I never fully understood how it can be tested that you learned something because, with written and standardized tests, all that's being tested is how well you memorize. For the last 12 years of my education my intelligence has been measured by how well I can regurgitate information. Parrots do that all the time, someone says something and they repeat it back. Does a good memory equate to intelligence?

Most students haven't really learned anything. They've drilled and hammered into their brain a given date, equation, name, whatever is needed, and then after it is tested completely forget all of it. 

I have no idea what anaphora, zeugma, or litotes is but I got a 100% on that literary terms test. 

By having a standard of intelligence based off of pure memory, not only are the people who have a bad memory yet are very intelligent getting screwed, we're also as a society not getting anywhere. 

All students are taught the same as if everyone learns the same.

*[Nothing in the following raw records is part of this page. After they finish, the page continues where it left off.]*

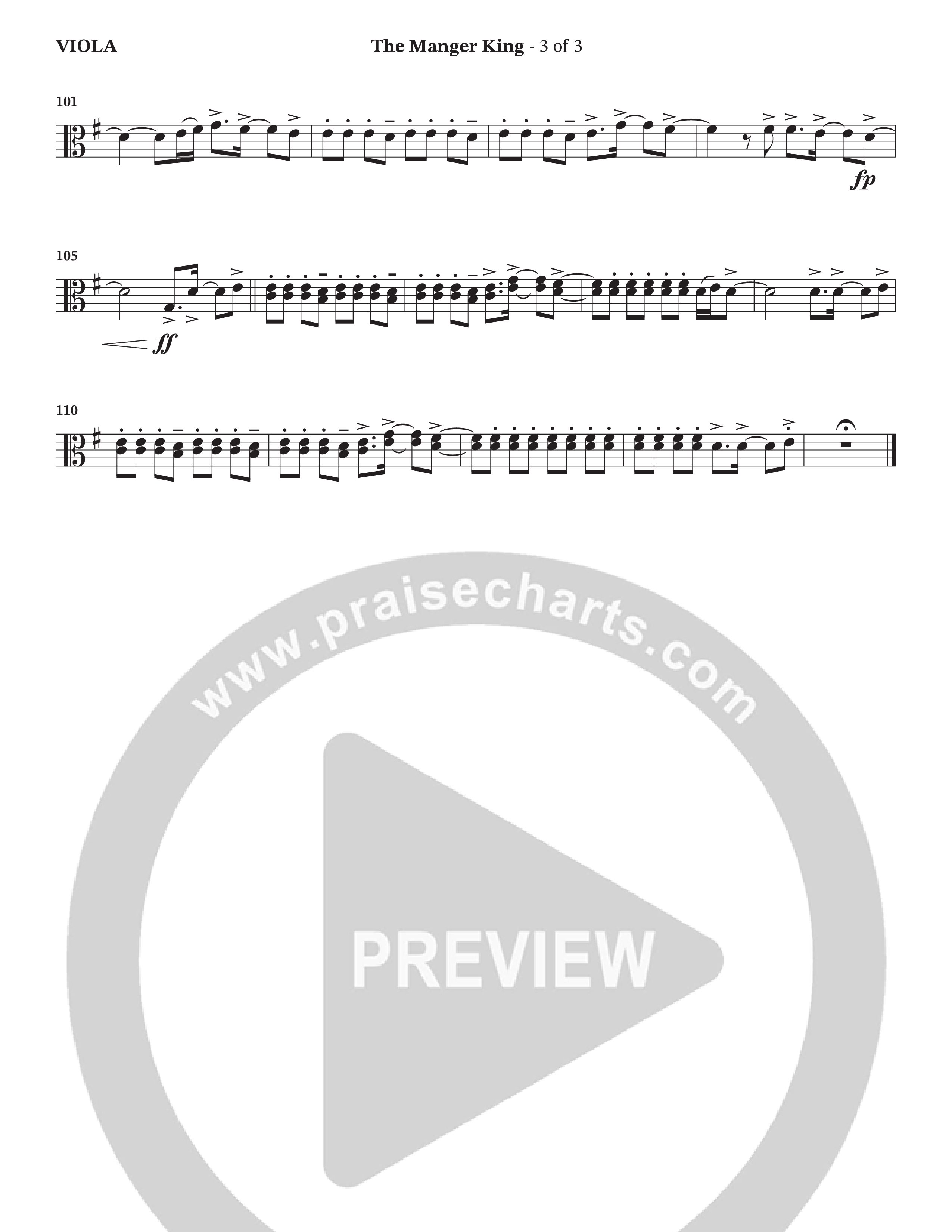 The Manger King (Choral Anthem SATB) Viola (Prestonwood Worship / Arr. Jonathan Walker)
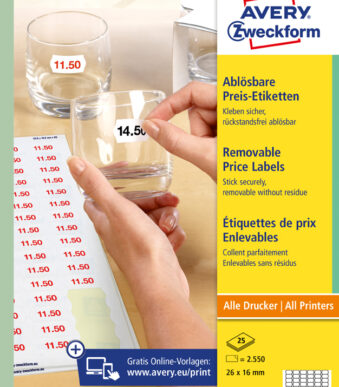 AVERY Zweckform Stick+Lift prijs-etiketten, 26 x 16 mm, wit, verwijderbaar
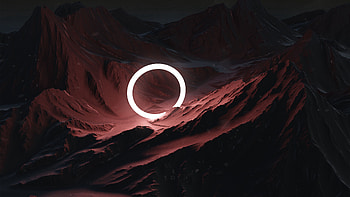 Mountains, Shine, Light, Miscellanea, Miscellaneous, Neon, Ring, Glow HD wallpaper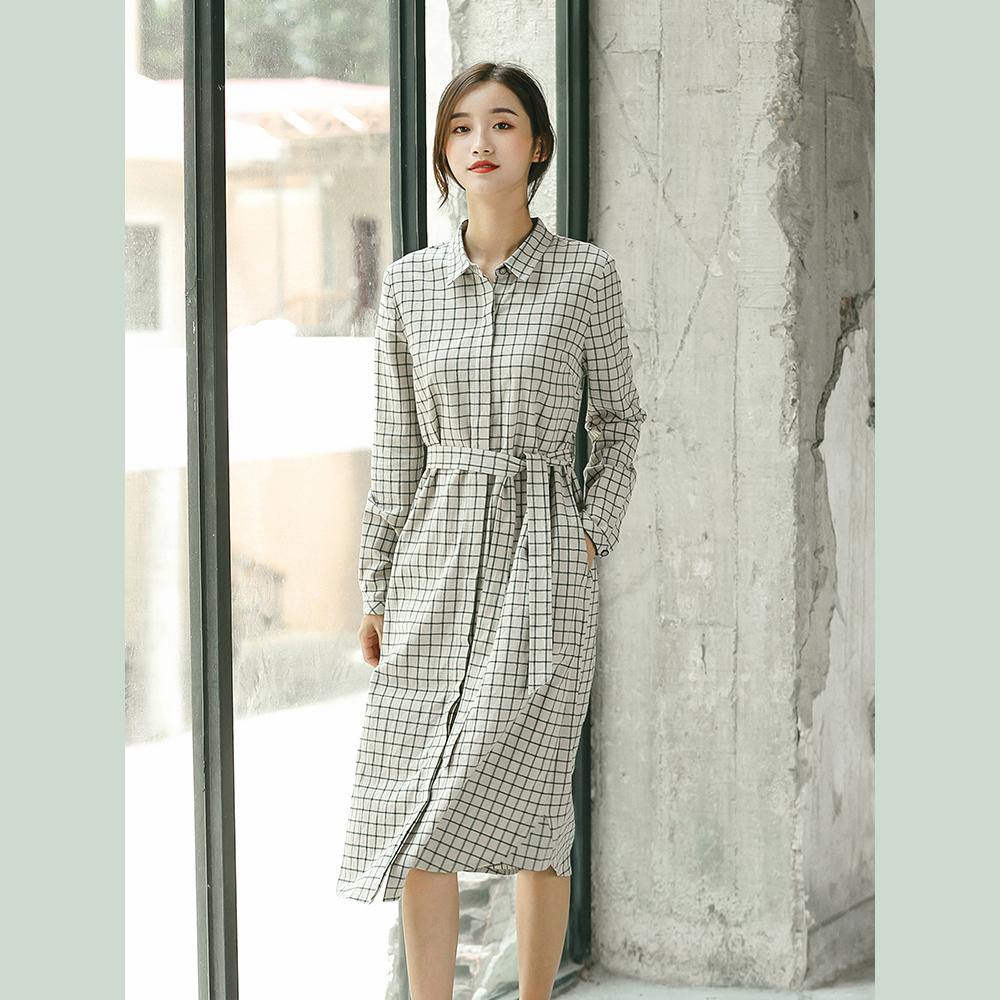 Plaid Fall Linen Dress Baggy Turn-down Collar Linen Dress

Sure there are slower paces for certain students but it's still the same style of teaching, just condescendingly slower. Everyone has different tastes of music, different tastes in food, in television, in clothes, in everything. Yet we're all taught the same.

School is taught the same way it was back in the 1600's. Just think about that for a second.

Sure they've added fancy gadgets, computers, tablets and such, but it's the same overall principle. A teacher gets up and talks at their students, then gives them a test on what they have said.

So much has changed in these last few hundreds years, how we communicate, how we interact, how we eat, transportation, jobs, society overall; yet why is education still the same?

There's been some leeway, things such as Khan Academy, but not nearly enough. 

The school system is designed to create copies of the same person. The same learner. Someone with a good memory who tests well.

School is weird in that it's hard to really do anything about it, you just have to get through it. In elementary school it's all such basic stuff and we, as students, are so young that we just kind of go with it. In middle school a clear gap emerges between the "gifted" and "average" students and you start to really pay attention to the standardized testing and realize hey, I really don't need to pay attention in class, I just need to memorize everything on the worksheet and I'll get an A+ in the class. Then in high school it hits you like a ton of bricks and you look back and say woah, I haven't learned a thing. So we bs our way through it, I mean college and the rest of our life by proxy is on the line, and then senior year when you hear about the changes they're making for next year, adding more standardized test, switching to block scheduling, things of that nature, and you're like "wow that's really not going to help the students learn anything" but we're so close to the end, we can see the greener pastures of college on the horizon, that we just let it be.

I didn't start noticing it until middle school but I would just brush it off and say it's only 3 years of my life suck it up, then in high school it's only 4 years of my life suck it up, but then you look back and it's like wow 12 years of my life and I don't know what I've learned. 

So you know what AP test, even though I got a "not that good" score of 4, which means I'm "Well qualified to receive college credit" instead of a 5 which is "Extremely well qualified to receive college credit", I'm okay with that. Because unlike some people; educators, high strung type A people, other students, parents, I realize that a test doesn't really mean that much and does not define my intelligence. Maybe they should teach that in school.